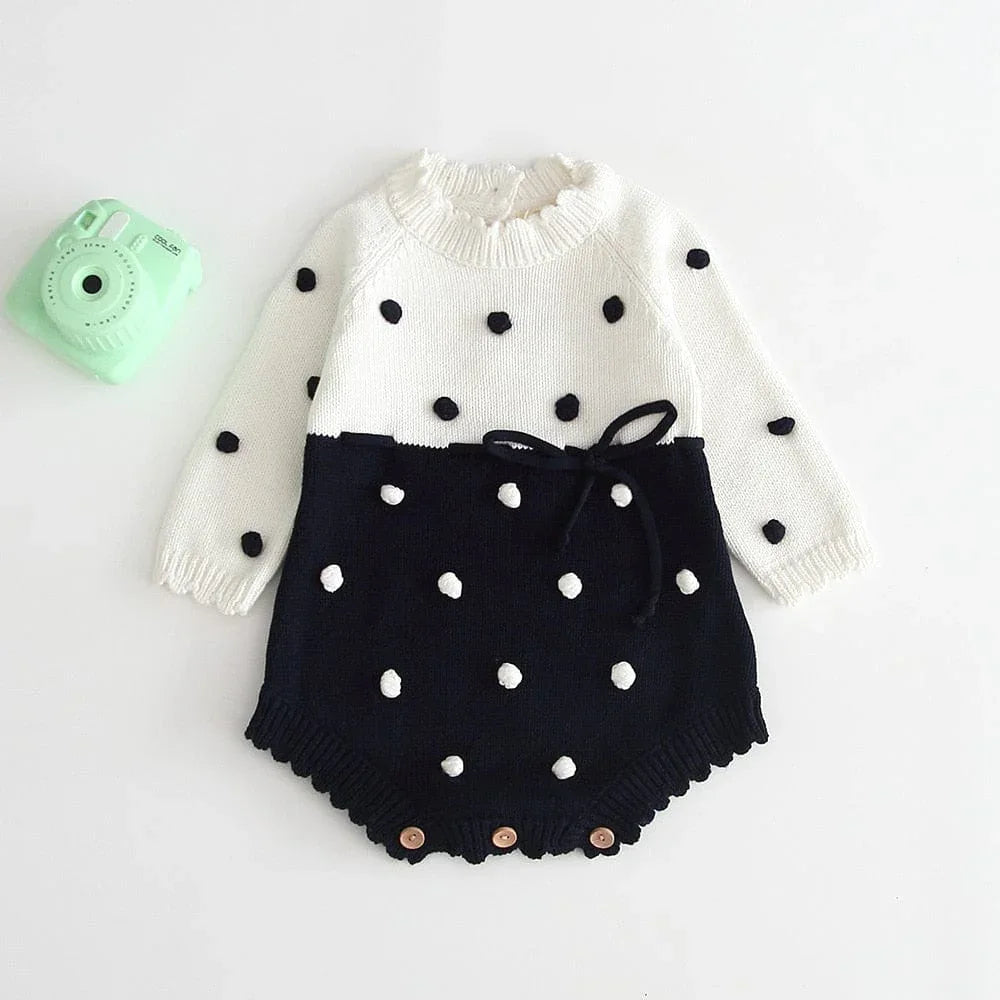 Black and white knitted baby romper with ruffles and polka dots for newborns with long sleeves
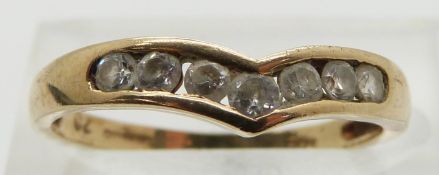 A 9ct gold ring set with paste in a cluster, size L
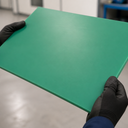 Green PE500 sheet held by gloved hands, smooth matt surface in a workshop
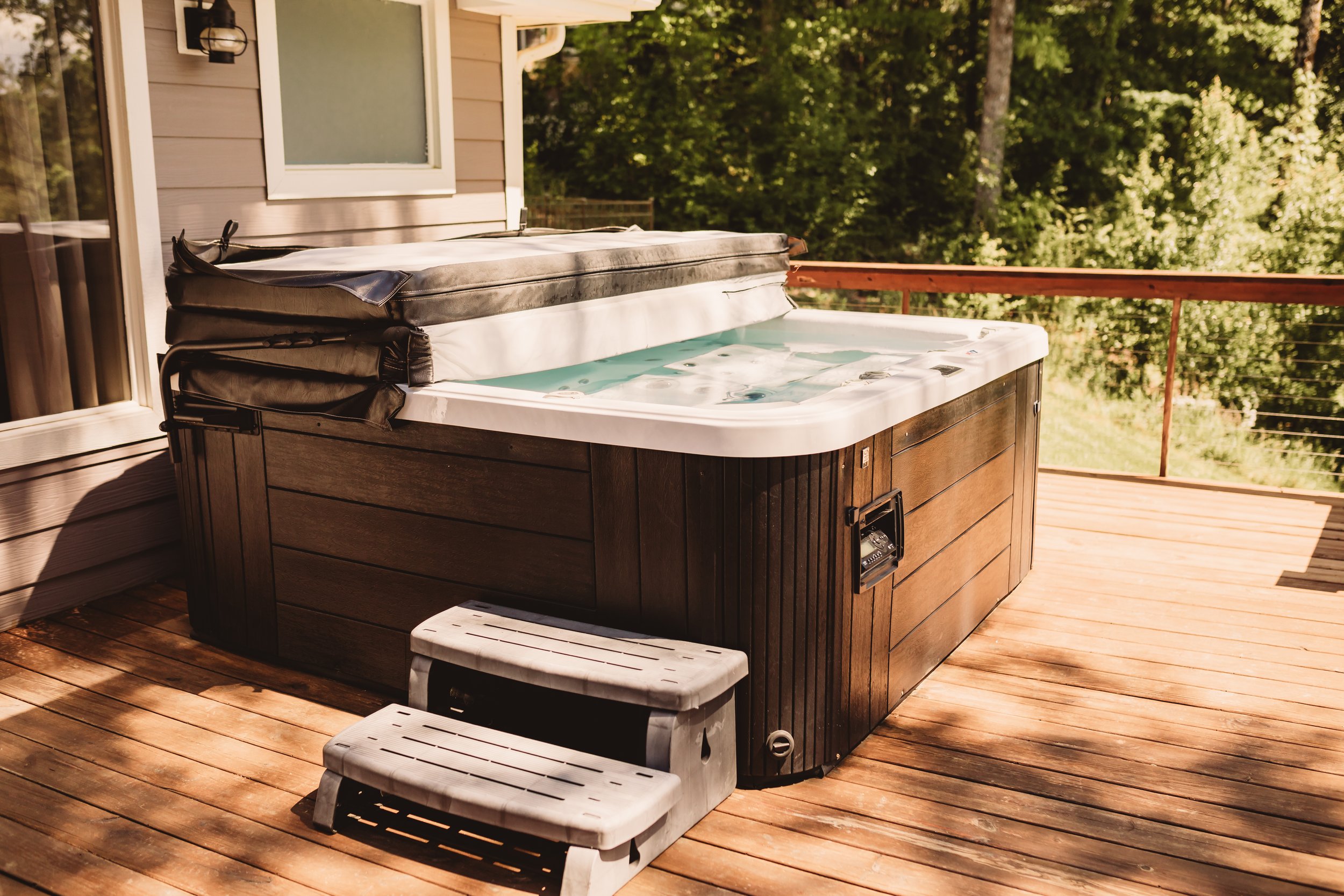 Wooden deck with hot tub and small white stairs outside a house with beige siding and a frosted window. Green trees in the background.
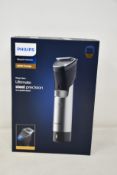 A boxed as new Philips 9000 prestige beard trimmer (BT9810/13).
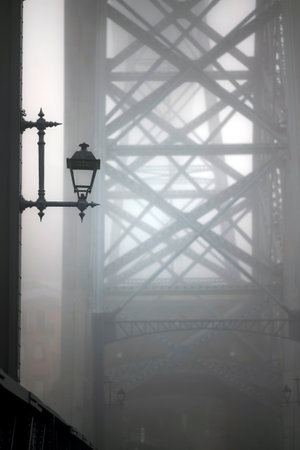 A fragment of the Dom Luis I Iron Bridge in thick fog, Porto, Portugal.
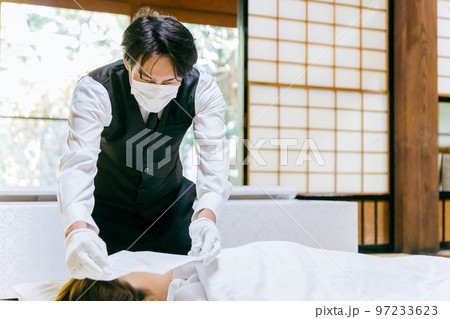 故人に打ち覆い・面布をかける納棺師・セレモニースタッフ・葬祭ディレクターの日本人男性（マスク） 97233623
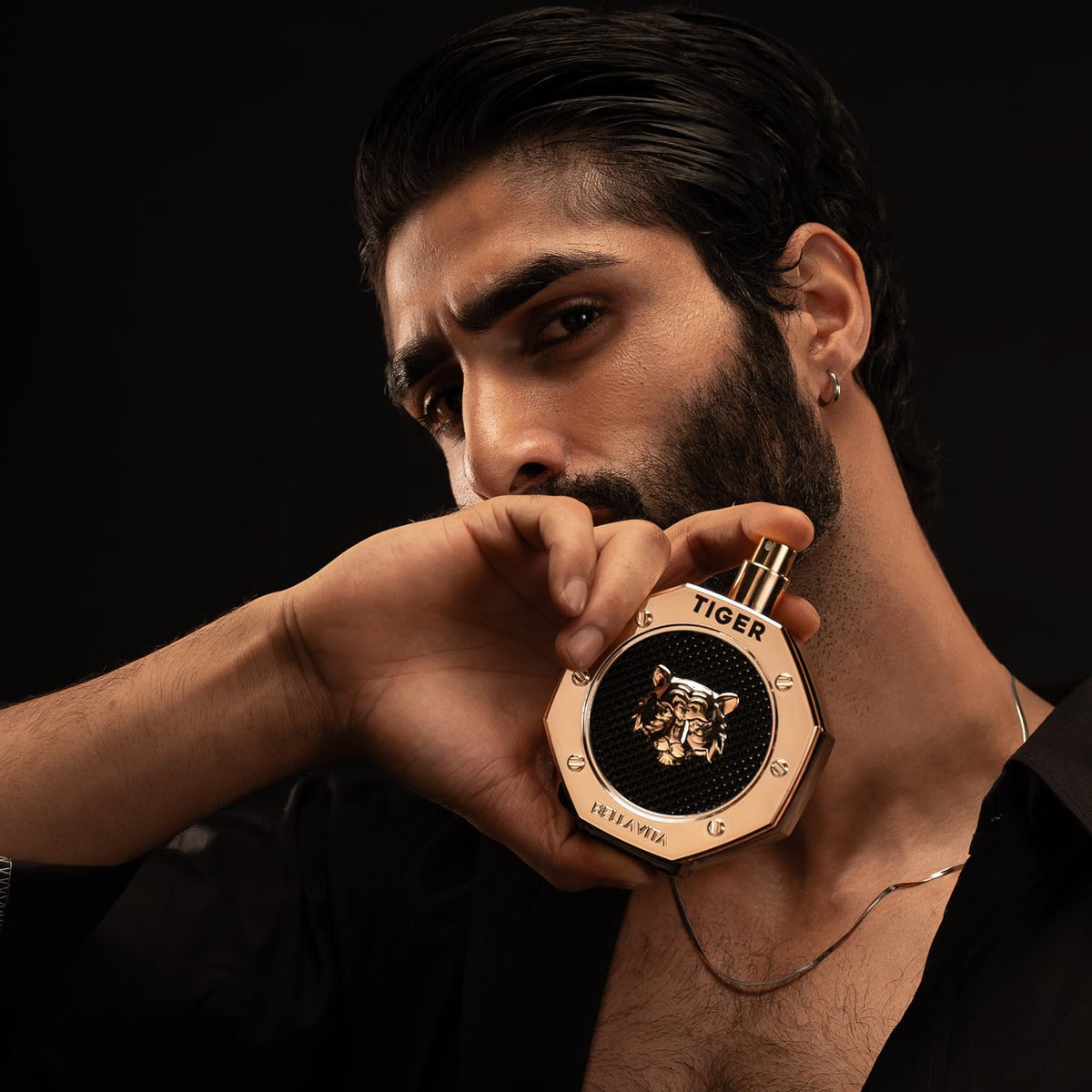 Man holding a gold and black tiger-themed perfume bottle against a dark background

=== To do ===
Copy exactly the lines from the one containing "A 9ct gold ring" through the last line of the records above, including both, and omit every picture.

=== Task solution ===
 A 9ct gold ring set with paste in a cluster, size L
 Green PE500 sheet held by gloved hands, smooth matt surface in a workshop
 Wooden deck with hot tub and small white stairs outside a house with beige siding and a frosted window. Green trees in the background.
 A boxed as new Philips 9000 prestige beard trimmer (BT9810/13).
 A fragment of the Dom Luis I Iron Bridge in thick fog, Porto, Portugal.
 故人に打ち覆い・面布をかける納棺師・セレモニースタッフ・葬祭ディレクターの日本人男性（マスク） 97233623
 Man holding a gold and black tiger-themed perfume bottle against a dark background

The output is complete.